A new storage option has been developed by C&CZ. This page will show the technical details and properties of this storage, which will hopefully help you make a decision if this is something you want. Any storage we handout we call a “volume”. For these ZFS volumes:

Size
Storage size can be as large as you want, but smaller than the amount we can put in a single machine. Currently (2024+) we can buy machines with roughly 140-200 TB storage.
Snapshots
On this we enable snapshots, so that you can retrieve (deleted) files your self.
Backup
Each volume will be back upped to local S3 storage. This should be thought of as disaster recovery, and restoring from the cloud should (hopefully) be rarely needed.

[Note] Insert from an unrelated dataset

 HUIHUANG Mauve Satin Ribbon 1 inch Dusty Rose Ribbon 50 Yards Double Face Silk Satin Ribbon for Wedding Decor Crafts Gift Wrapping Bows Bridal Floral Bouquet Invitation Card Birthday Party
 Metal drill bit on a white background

All of these volumes are visible in DIY in the “Storage” section if you have access to them. How to order such storage can be seen here.

Access

Each volume can be access via Samba and NFS from machines where you can log in.

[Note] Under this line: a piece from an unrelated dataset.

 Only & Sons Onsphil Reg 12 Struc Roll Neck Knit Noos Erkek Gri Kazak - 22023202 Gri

On a volume we configure two groups (of your choice):

  1. a read-write group
  2. a read-only group

If you are the owner of those groups you can change who can access what by removing are adding user into those groups in DIY. In the (near) future we also want to expose volume properties to DIY, so that group owners can e.g. increase the volume size.

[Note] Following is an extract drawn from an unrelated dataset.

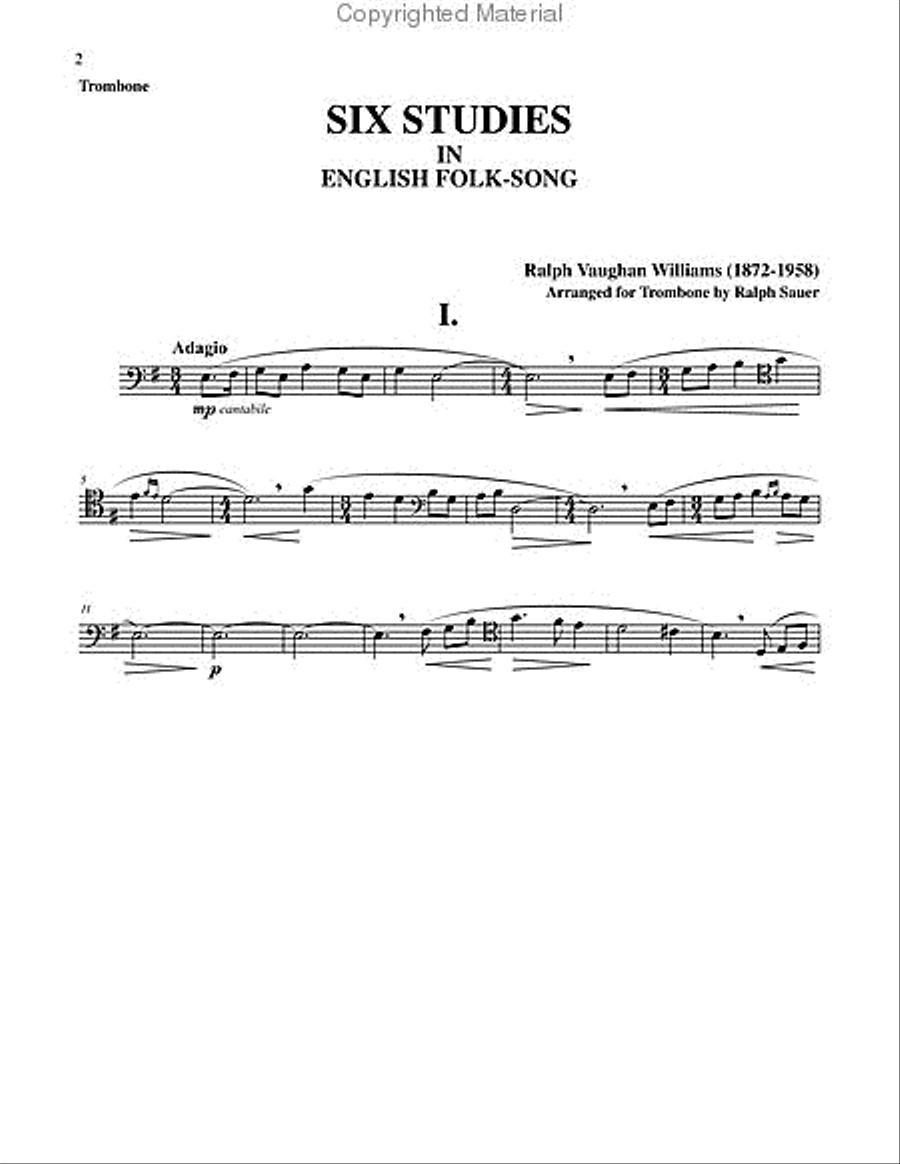Six Studies in English Folksong for Trombone and Piano Piano Accompaniment scores gallery preview page 3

Users of the volume can (naturally) change files they own and add/remove permissions.

Optional Features

The are a bunch of knobs we turn for each of these volumes. Depending on user demand this will also find a place in DIY, for now you’ll need to contact C&CZ.

  • Sync all directories and files to the original read-write/read-only groups and remove any added groups and/or access.
  • Temporary set the volume to read-only.
  • Enable/disable backup.

Migration of Existing Volumes

There are currently no plans to migrate/consolidate exiting volumes. If your organization wants to discuss such a migration please contact C&CZ.

Compression

All ZFS volumes have compression on by default, this often results in significant reduction in used space and the quota is based on uncompressed size you can store more data in the size you pay for.

To figure out how much space your data is when not compressed, you can use the du --apparent-size command (usually du --apparent-size -sh . for a summery of the current directory) to show the total size of the data without compression.